Dopo la Rivoluzione francese – che aveva semplicemente sostituito la sovranità del monarca assoluto con quella del popolo e, quindi, dei suoi rappresentanti – erano nate le condizioni della degenerazione della democrazia grazie alla prevalenza accordata al principio socialistico di eguaglianza di fatto, più che di fronte alla legge, come prescrive lo Stato moderno di diritto, rispetto a quello liberale di libertà.

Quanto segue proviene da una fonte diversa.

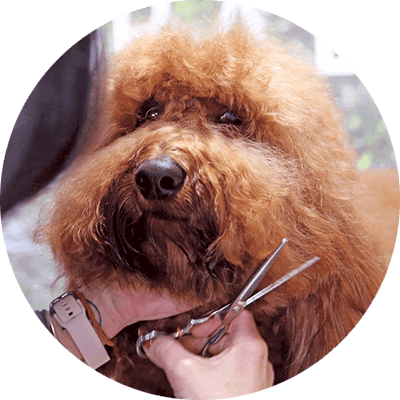 Imagem redonda de cara de cachorro com tesoura para cuidar de cães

La decisione del governo Monti di non indicizzare le pensioni maggiori era già stata un’arbitraria violazione del contratto sulla base delle condizioni finanziarie della Pubblica amministrazione, che sono diventate in tal modo prioritarie rispetto ai diritti dei cittadini.
I governi Letta e Renzi l’hanno successivamente adottata e applicata, fingendo di ignorare che la pensione non è una forma di carità pubblica erogata dallo Stato o, meglio, dal governo, secondo criteri soggettivi, ma un diritto maturato in ossequio a un contratto stipulato fra i cittadini e lo Stato che non ammette deroghe.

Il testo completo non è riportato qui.